On April 3, 1996, the planning board notified the plaintiffs of a hearing scheduled for April 17, 1996, to address certain identified violations. The plaintiffs were notified that a possible result of the hearing was revocation of the site plan approval. The planning board gave the plaintiffs thirty days from the date of a notice issued after the meeting to comply with all conditions. After the hearing, the board continued to receive complaints, and on June 5, 1996, unanimously voted to revoke the plaintiffs' site plan approval because the plaintiffs did not comply with the condition regarding surface water monitoring.
On August 14, 1996, the board voted to rescind the revocation after the plaintiffs complied with the conditions. The planning board, however, continued to receive complaints that the property was used during restricted weekends and that portable toilets, equipment, and tires were still being left in the flood plain. On October 19, the property was used by two teams to play a soccer game on a restricted weekend. Later that month, the board received additional complaints about equipment remaining in the flood plain zone during flooding conditions.

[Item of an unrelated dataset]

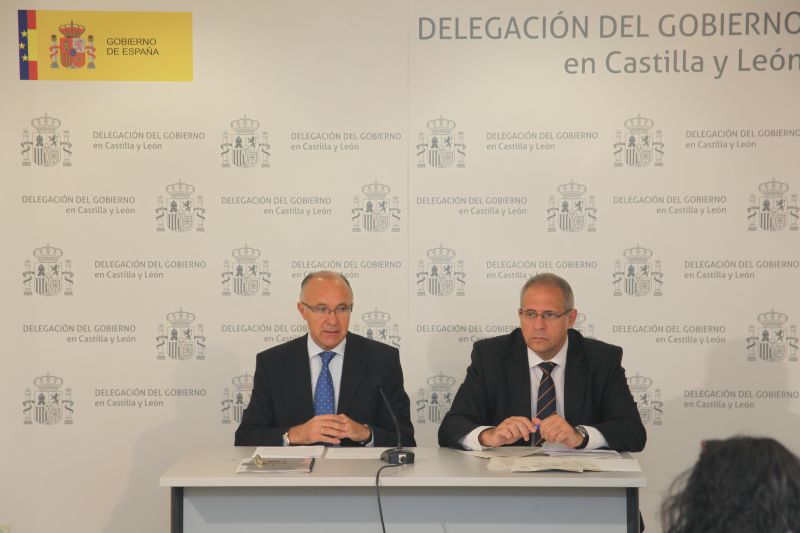 La Junta baja impuestos a todos los ciudadanos con la reducción del tramo autonómico del IRPF y del tributo sobre hidrocarburos y refuerza la financiación local al vincularla a la recaudación fiscal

The letter further explained the plaintiffs' right to request a hearing, see RSA 676:4–a, and that if no hearing was requested, the board would record the revocation as provided in RSA 676:4–a, III.
The plaintiffs requested a hearing, which was held on February 19, 1997. At the hearing, the board permitted each person present, including the plaintiffs, counsel, and each abutter, four minutes to speak regarding the revocation. The board, in a 4–2 vote, concluded that the violations were material violations of the site plan and that the plaintiffs were unable to adequately control the site, and recorded the revocation of site plan approval.

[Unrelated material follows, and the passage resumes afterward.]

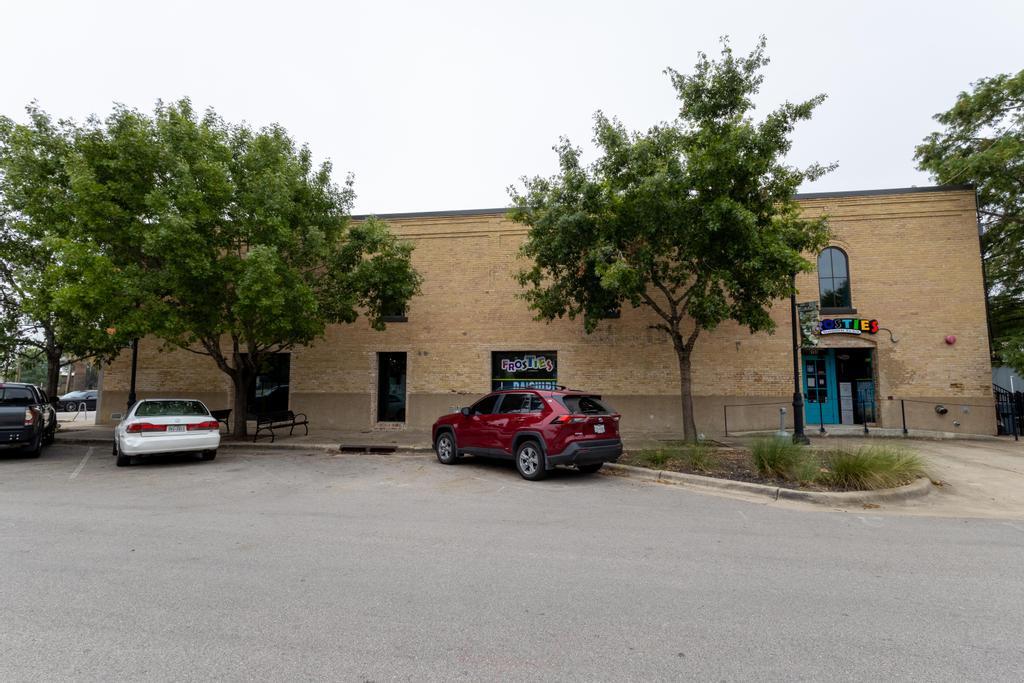 117 East St # 150, Hutto, TX 78634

The plaintiffs appealed to the superior court, which upheld the board's revocation. The court found that "the [n]otes of the meeting demonstrate ... that Mr. Brewster did not dispute that he was in violation but rather discussed the reasons for the violations and how he intended to prevent future violations."

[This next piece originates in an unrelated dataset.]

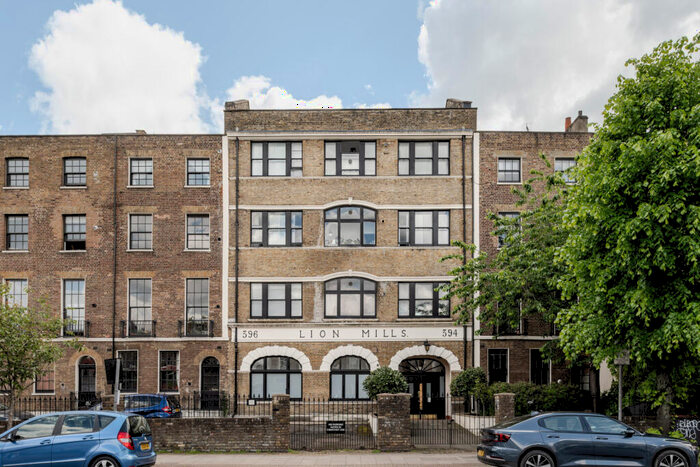 1 Bedroom Flat For Sale In Lion Mills, Hackney Road, London, E2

The court further noted that
The court also noted that the two violations cited in the letter were not the first violations of which the plaintiffs had been informed, and that the site plan had already been revoked once for noncompliance with material conditions. The court found that the letter's reference to RSA 676:4–a, I(c) was a typographical error, and that the planning board gave the plaintiffs adequate notice and an opportunity to be heard, sufficient to satisfy due process.
On appeal, the plaintiffs argue that the trial court erred in ruling that the planning board's revocation was lawful and reasonable when the alleged violations were not material. The plaintiffs also argue that the planning board denied them due process: (1) by sending a notice identifying only two reasons for revocation but then considering additional reasons and incidents; (2) by sending a notice that incorrectly identified the applicable statutory provisions; and (3) by allowing them only four minutes to speak at the planning board hearing. Finally, the plaintiffs argue that the board erred as a matter of law in voting to revoke the site plan approval, and the superior court erred in upholding the revocation.
Our standard of review of a trial court's decision strongly favors upholding that decision unless it is unsupported by the evidence or is legally erroneous. Our function on appellate review is not to decide whether we would have found differently but to determine whether a reasonable person could find as did the trial judge.
Hansel v. City of Keene , 138 N.H. 99, 101, 634 A.2d 1351, 1353 (1993) (quotation and citations omitted); see Deer Leap Assoc. v. Town of Windham , 136 N.H. 555, 557, 618 A.2d 837, 838 (1992).